# K-NEAREST NEIGHBOURS FROM SCRATCH


Imports

In [1]:
import numpy as np
import pandas as pd
from collections import Counter
import random

#### Reading the files and shuffling 

Datasets contains duplicate elements. glass.csv contains 1, Concrete_Data_Yeh.csv contains 25. Duplicate keys removed because they causes wrong decisions and unstability.

In [2]:
df = pd.read_csv("glass.csv")
df = df.drop_duplicates() #removeing duplicate rows
df.drop(['Type'], 1)  # dropping the results

full_data = df.astype(float).values.tolist()  # converting data to list
random.shuffle(full_data)

df2 = pd.read_csv("Concrete_Data_Yeh.csv")
df2 = df2.drop_duplicates() #removeing duplicate rows
df2.drop(['csMPa'], 1)  # dropping the results
df2 = df2.drop_duplicates()

full_data_concrete = df2.astype(float).values.tolist()  # converting data to list
random.shuffle(full_data_concrete)

Finding max and min values in row for normalization calculation

In [3]:
def dataset_min_max(dataset):  # min and max finder
    minmax = list()
    for i in range(len(dataset[0])):
        col_values = [row[i] for row in dataset]
        value_min = min(col_values)
        value_max = max(col_values)
        minmax.append([value_min, value_max])
    return minmax

Applying normalization formula for rangeing values between 0-1

In [4]:
def normalization(dataset, min_max):
    for row in dataset:
        for i in range(len(row) - 1):
            row[i] = (row[i] - min_max[i][0]) / (min_max[i][1] - min_max[i][0])

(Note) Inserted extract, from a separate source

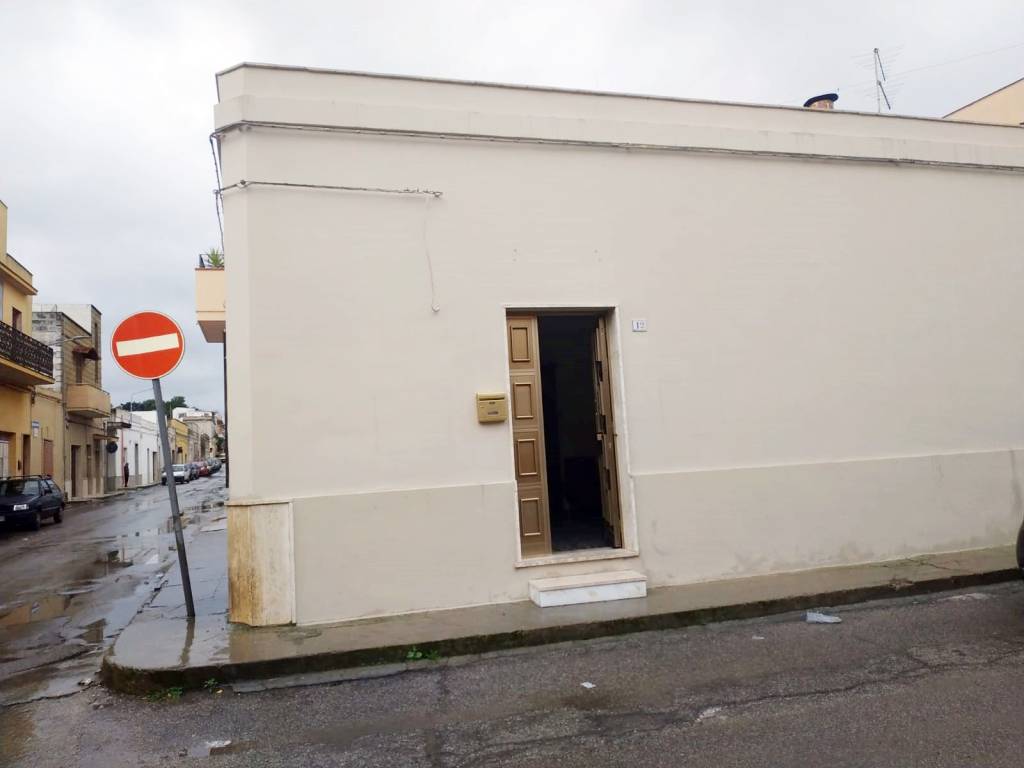 Appartamento a Sava in Via Umberto Giordano, 12 - Foto 2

Splits the data given number of folds. Returns all folds in in a list

In [5]:
def k_fold_split(dataset, k_fold): # splitting data into folds
    dataset_split = list()
    dataset_copy = list(dataset)
    fold_size = int(len(dataset) / k_fold)
    for _ in range(k_fold):
        fold = list()
        while len(fold) < fold_size:
            index = 0     #random.randrange(len(dataset_copy))
            fold.append(dataset_copy.pop(index))
            index += 1
        dataset_split.append(fold)
    return dataset_split


#### K-Nearest Neigbors Classification

We used Numpy's linear algebra norm for faster calculation. It performs better than standart euclidean distance
formula. In result they are same.
Counter.most_common function finds most common vote and function returns the vote

In [6]:
def k_nearest_neighbors(data, predict, k):
    distances = []
    for group in data:
        for features in data[group]:
            euclidean_distance = np.linalg.norm(np.array(features) - np.array(predict)) # using numpy euclidian distance for faster calculation
            distances.append([euclidean_distance, group])

    votes = [i[1] for i in sorted(distances)[:k]]
    vote_result = Counter(votes).most_common(1)[0][0]
    return vote_result

#### Weighted K-Nearest Neigbors Classification

We used 1/distance method for creating weights. To avoid zero division error, if euclidean distance = 0, we assigned weight as 1 / 0.001.
We combined weights if they in same class, then result returned 

In [7]:
def weighted_k_nearest_neighbors(data, predict, k):

    distances = []
    for group in data:
        for features in data[group]:
            euclidean_distance = np.linalg.norm(np.array(features) - np.array(predict))
            #distances.append([1 / euclidean_distance, group])
            if(euclidean_distance == 0):
                distances.append([1/0.001, group])
            else:
                distances.append([1 / euclidean_distance, group])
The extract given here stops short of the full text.